RECORDS FOR THE EXERCISE START
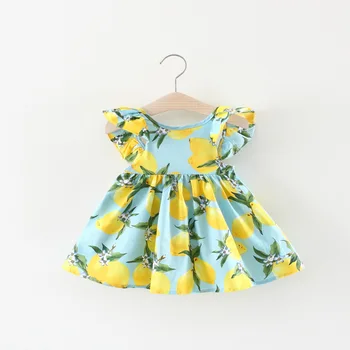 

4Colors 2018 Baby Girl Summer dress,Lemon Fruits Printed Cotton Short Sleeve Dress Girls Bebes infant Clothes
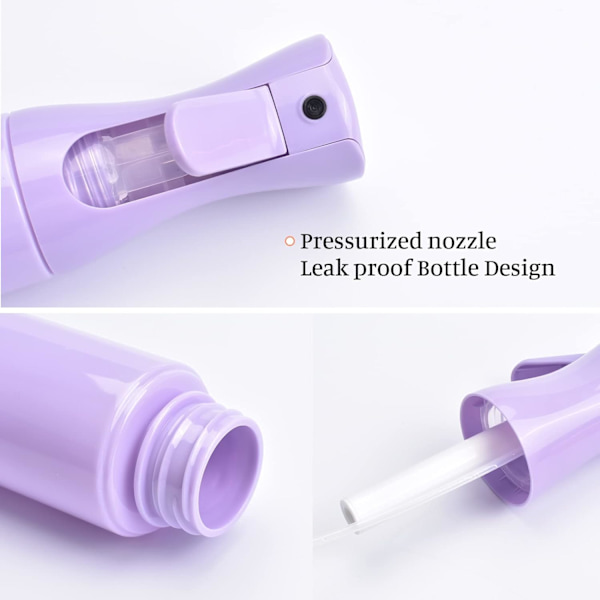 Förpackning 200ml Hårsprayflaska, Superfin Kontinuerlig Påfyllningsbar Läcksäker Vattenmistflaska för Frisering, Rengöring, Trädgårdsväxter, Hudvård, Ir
RECORDS FOR THE EXERCISE END
RECORDS FOR THE EXERCISE START
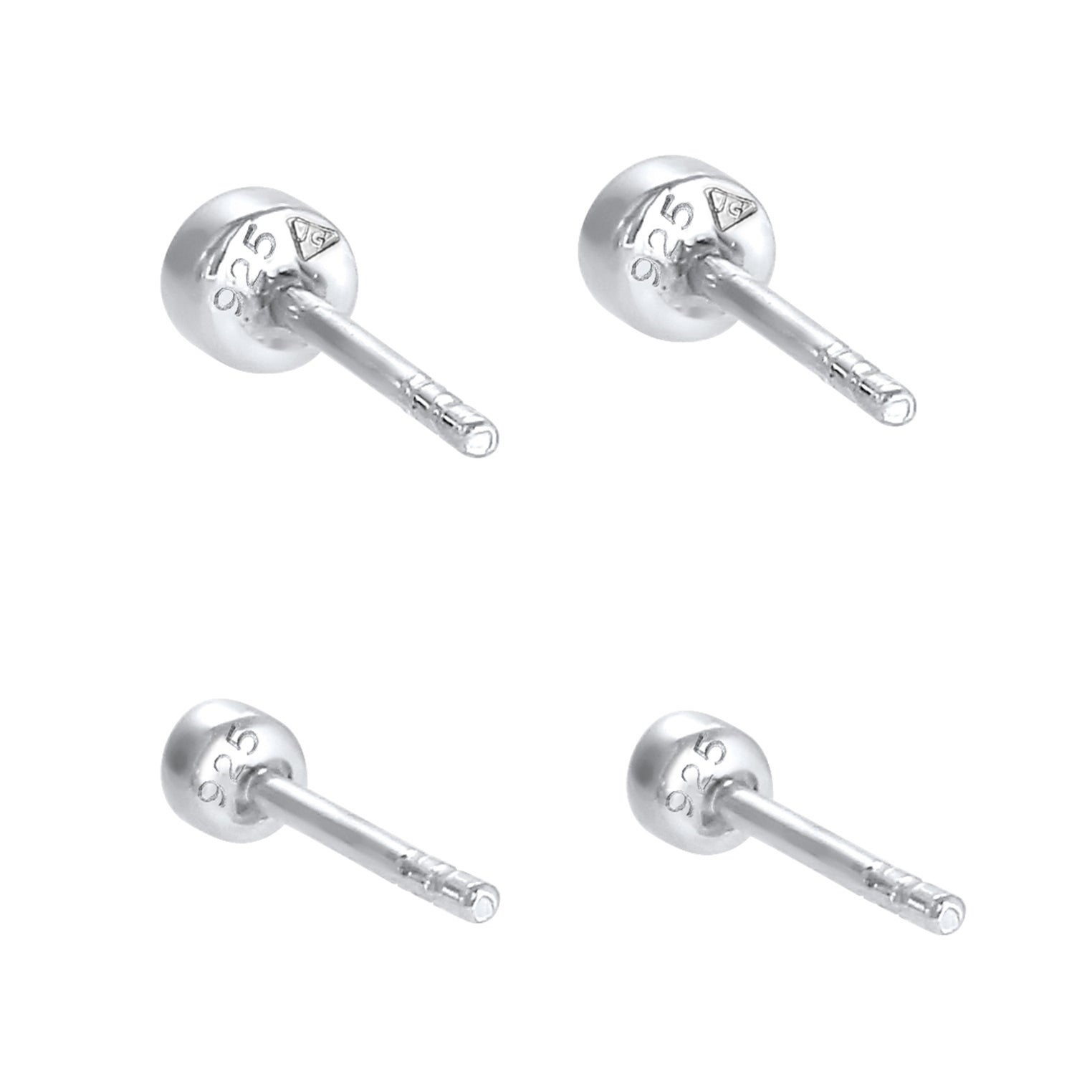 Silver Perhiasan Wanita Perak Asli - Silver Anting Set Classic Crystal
RECORDS FOR THE EXERCISE END
## YOUR ASSIGNMENT
Write out again exactly the lines above from the one with "4Colors 2018 Baby" through the one with "Förpackning 200ml Hårsprayflaska, Superfin", adding no other lines and no pictures.

## SOLUTION FOR THIS TASK
4Colors 2018 Baby Girl Summer dress,Lemon Fruits Printed Cotton Short Sleeve Dress Girls Bebes infant Clothes
 Förpackning 200ml Hårsprayflaska, Superfin Kontinuerlig Påfyllningsbar Läcksäker Vattenmistflaska för Frisering, Rengöring, Trädgårdsväxter, Hudvård, Ir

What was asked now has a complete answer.